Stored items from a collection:
──────────
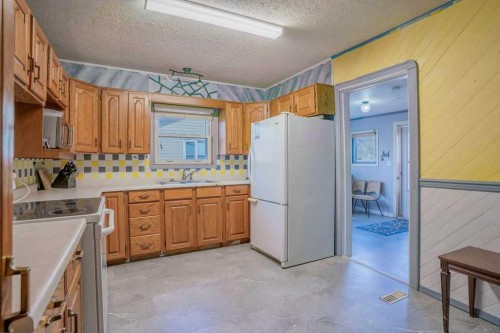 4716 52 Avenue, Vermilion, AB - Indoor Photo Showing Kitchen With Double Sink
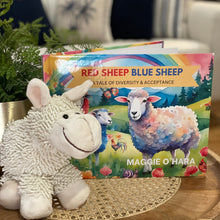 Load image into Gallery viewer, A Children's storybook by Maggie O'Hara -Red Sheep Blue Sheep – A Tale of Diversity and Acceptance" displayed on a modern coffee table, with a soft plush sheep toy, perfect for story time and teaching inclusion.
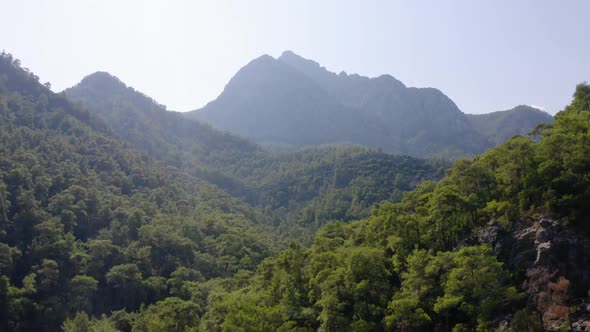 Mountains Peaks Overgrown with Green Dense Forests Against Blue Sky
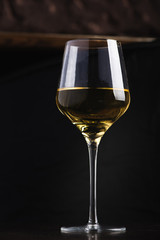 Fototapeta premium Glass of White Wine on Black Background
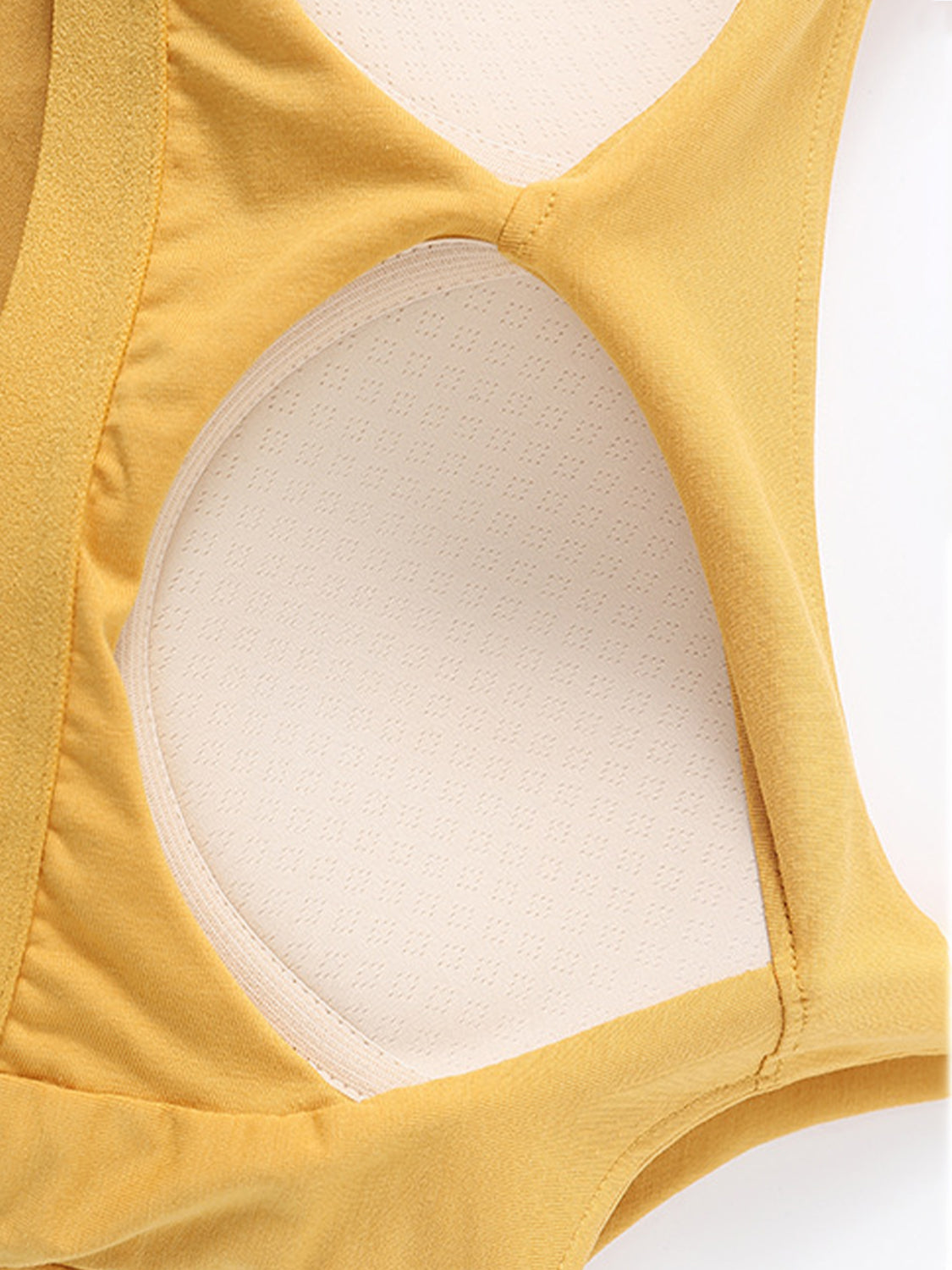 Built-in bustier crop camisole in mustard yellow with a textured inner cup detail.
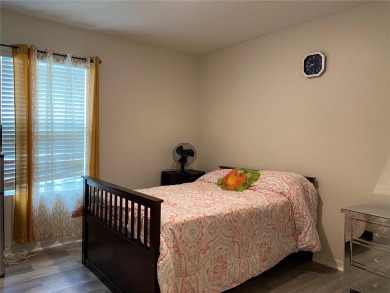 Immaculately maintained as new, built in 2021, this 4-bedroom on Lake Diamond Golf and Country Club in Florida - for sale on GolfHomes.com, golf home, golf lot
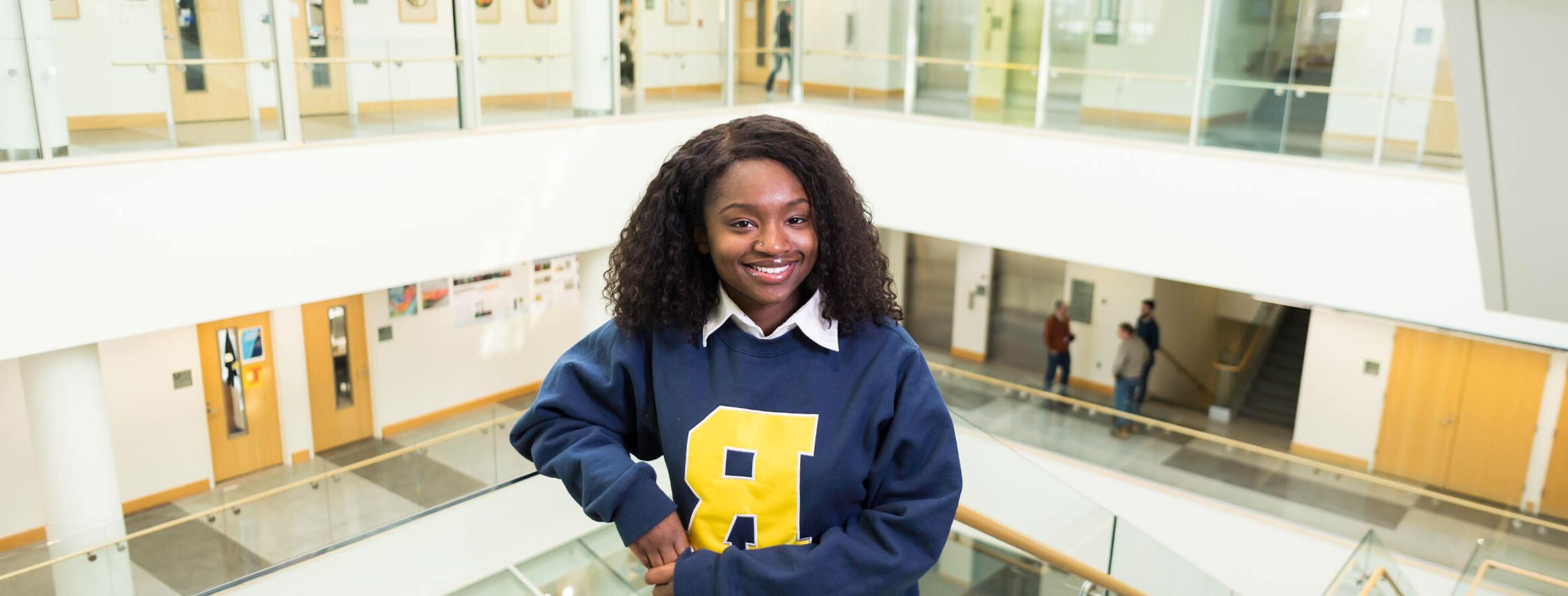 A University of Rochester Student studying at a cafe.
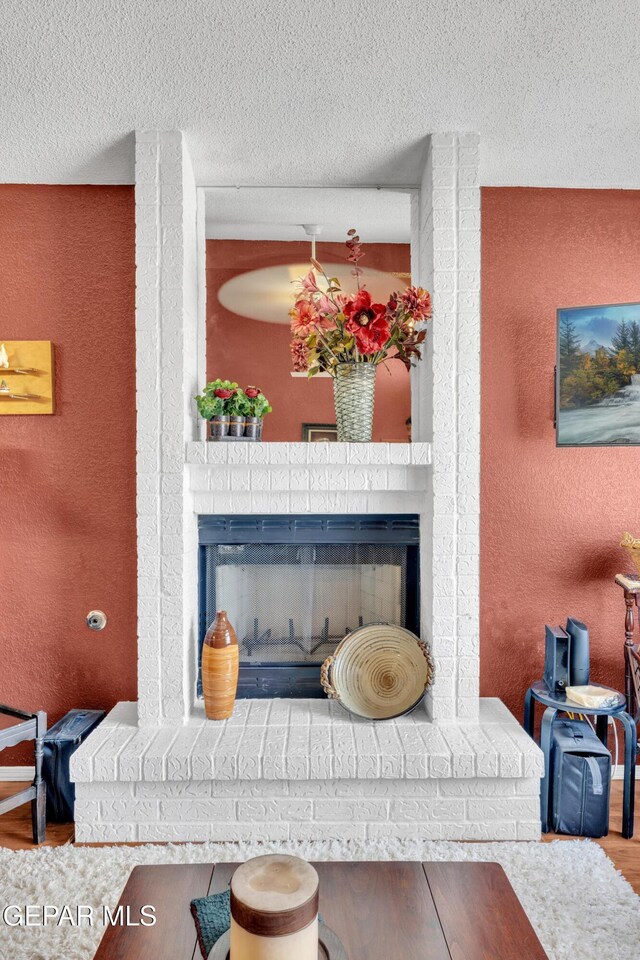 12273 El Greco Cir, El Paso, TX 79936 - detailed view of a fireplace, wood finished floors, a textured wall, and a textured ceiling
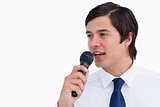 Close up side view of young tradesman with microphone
──────────
[Task instructions]: Reproduce the data above word for word from its first line through the line that holds "Built-in bustier crop", both ends included; skip pictures.

[Answer to the problem]:
 4716 52 Avenue, Vermilion, AB - Indoor Photo Showing Kitchen With Double Sink
 Load image into Gallery viewer, A Children's storybook by Maggie O'Hara -Red Sheep Blue Sheep – A Tale of Diversity and Acceptance" displayed on a modern coffee table, with a soft plush sheep toy, perfect for story time and teaching inclusion.
 Mountains Peaks Overgrown with Green Dense Forests Against Blue Sky
 Fototapeta premium Glass of White Wine on Black Background
 Built-in bustier crop camisole in mustard yellow with a textured inner cup detail.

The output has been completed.